Several simulation examples are provided here. Each of them comes with a description file, video instruction, and Ansys simulation file. All of the simulations are conducted by Ansys. Download student version of Ansys from here.
A cardiovascular stent is a medical device to open a plaque-blocked vessel. A commonly used material for stents is Nitinol, a Ni-Ti alloy. A stent during the manufacturing process is annealed and quenched into a specific shape. The annealing process is a heat treatment that keeps the stent under high temperature for a certain time, and the quenching process submerges the stent into a quenchant to cool in at a certain rate. The cooling rate of a stent should be controlled as too slow of cooling rate is inefficient for the manufacturing process, and too fast of cooling rate can increase the brittleness of the stent, cause heat-induced stress and even cracking.
In this simulation, we model the quenching process of an annealed stent, from 400℃ to room temperature (20℃). Two approaches to cooling are compared: water quench and forced air cooling. The difference between these two cooling approaches is the convection speed. Download the zip file and extract the contents. Go through the Readme file. Follow along with the provided How To Video file.

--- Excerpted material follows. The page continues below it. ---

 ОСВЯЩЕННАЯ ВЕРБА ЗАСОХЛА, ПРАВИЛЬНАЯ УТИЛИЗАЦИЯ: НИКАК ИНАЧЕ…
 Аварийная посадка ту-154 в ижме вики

It is a common impression that a wood bench feels slightly warmer than a steel bench on a cold day. While it is true that the conductivity of steel is higher than wood, which causes heat to escape away faster from our hand when we touch it, which makes the steel bench “feel” colder, it is also true that the specific heat of wood is much higher than steel, and thus for the same weight of wood and steel, wood stores more energy and takes longer to cool when the convection cooling rate is the same.
This example uses simulation to illustrate the idea of specific heat and thermal mass (thermal capacitance) in transient analysis. Three models are created:
The surface area of the wood bench panels is made equal to make them comparable in the convection boundary condition. These benches are left on a cold night for 4 hours. Walkthrough the simulation steps and find out the temperature distribution with time and the energy loss in each bench. Download the zip file and extract the contents. Go through the Readme file. Follow along with the provided How To Video file.

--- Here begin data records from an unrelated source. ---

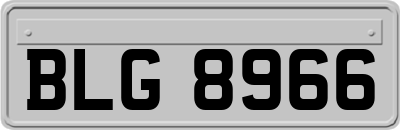 BLG8966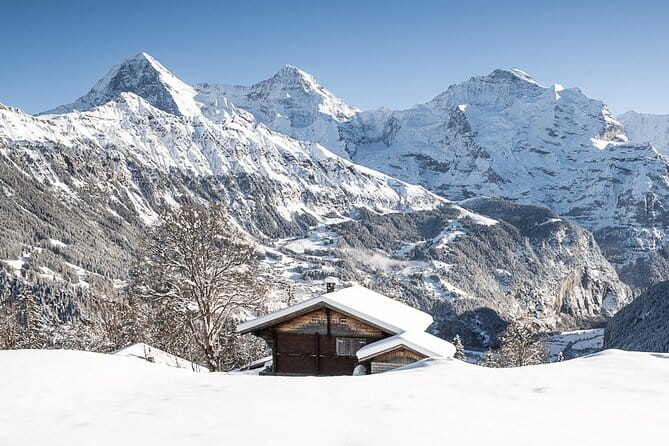 Day Sledding in Interlaken - Practical Considerations: Logistics and Tips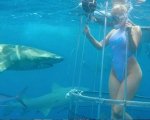 La pornostar e lo squalo: che spavento le riprese sott'acqua!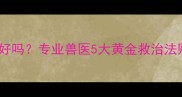 犬瘟热半个月能治好吗专业兽医5大黄金救治法则附真实案例
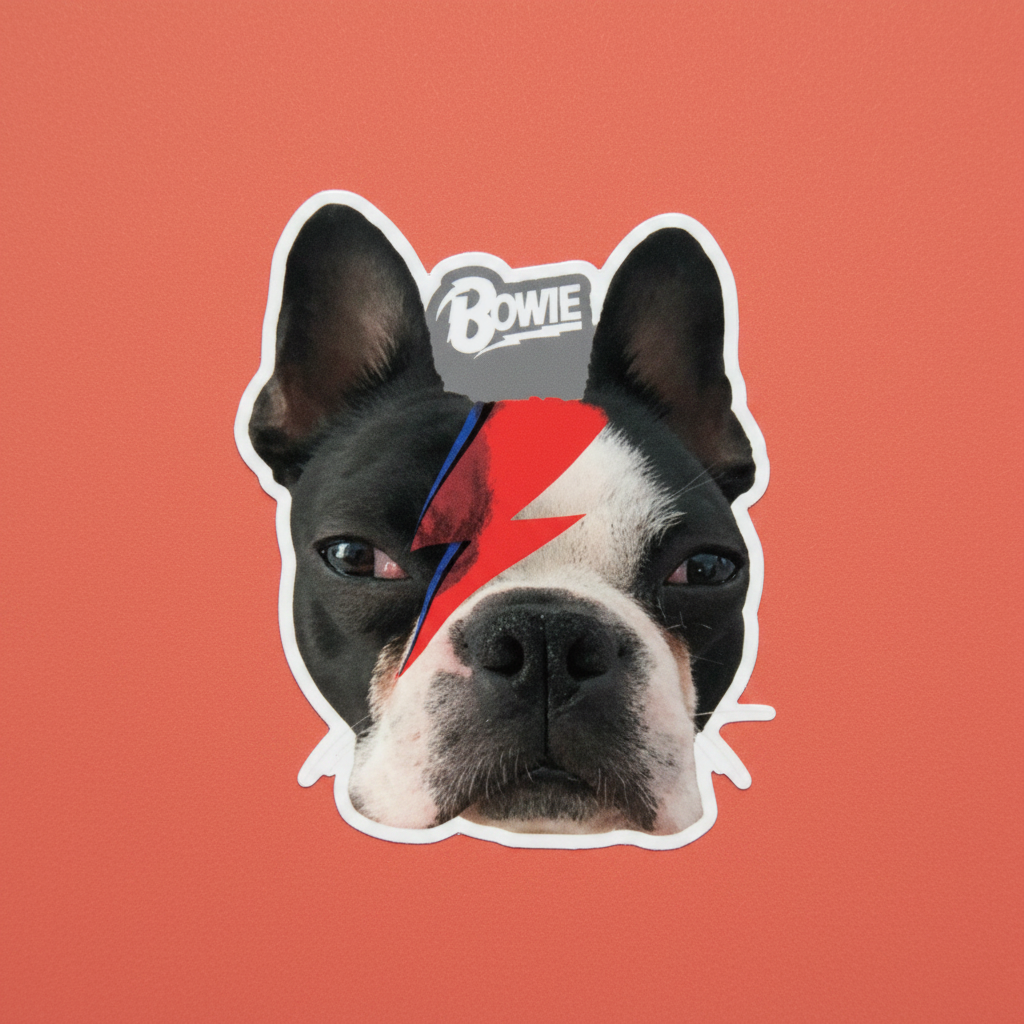 Die-Cut Stickers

As mentioned in the "application of transient thermal analysis" section, this electric iron simulation investigates the heat transfer from electric energy to heat energy. Follow the instructions and find out how the temperature changes in the iron with time. Download the zip file and extract the contents. Go through the Readme file. Follow along with the provided How To Video file.

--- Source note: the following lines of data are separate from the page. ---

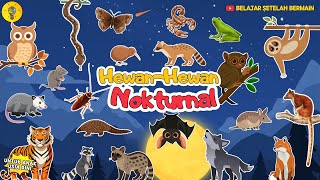 Getting to Know Nocturnal Animals (Animals That Are Active at Night) || For Early Childhood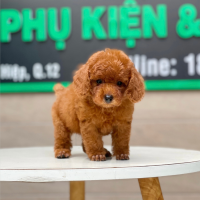 Poodle Toy - Màu Nâu (MS 19)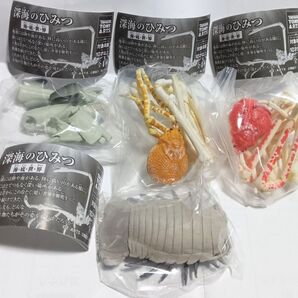 深海のひみつ 海・底・世・界 全4種セットコンプ あそべる生物フィギュアシリーズ タカアシガニ ラブカ ダイオウグソクムシ ガチャ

The air-cooled engine is common in motorcycles, lawn mowers, generators, etc. It dissipates heat from the engine through air circulation. The design of metal fins increases the surface area of the engine and thus improves the cooling rate through convection. The design of the air-cooled engine involves many aspects of engineering considerations, such as cooling rate, total mass, geometry restrictions, and so on.
This homework isolates variables and greatly simplifies an engine design so that one only needs to focus on the heat transfer aspect. A simplified geometry is used that contains an engine cylinder and multiple heat-dissipating fins. Follow the instructions below and answer the questions:
1. Conduct a transient heat analysis on Design (a) and Design (b), and compare the time it takes to cool the maximum temperature of the engine cylinder down to 35℃. The modeling details are listed below:
Structural steel is used on both the engine cylinder and the metal fins. The boundary conditions are defined as follows: the cylinder’s initial temperature is set to 120℃ while the bulk temperature outside of the fins is set to 22℃; a convection boundary condition is applied to the outside surface of the cylinder and the fins with the ambient temperature as 22℃, and the convection coefficient as 1000W/(m2∙℃).
2. Conduct a transient heat analysis on Design (c) with the same modeling details in Step(1), and find out the time it takes design (c) to cool the maximum temperature of the engine cylinder down to 35℃. Assuming there are two design criteria:
a. The maximum temperature of the engine cylinder should drop to 35℃ within 50 secs.
b. Minimize the total mass.
Which of the design is better? Design(a), (b), or (c)?
Download the zip file and extract the contents. Go through the Readme file. Follow along with the provided How To Video file.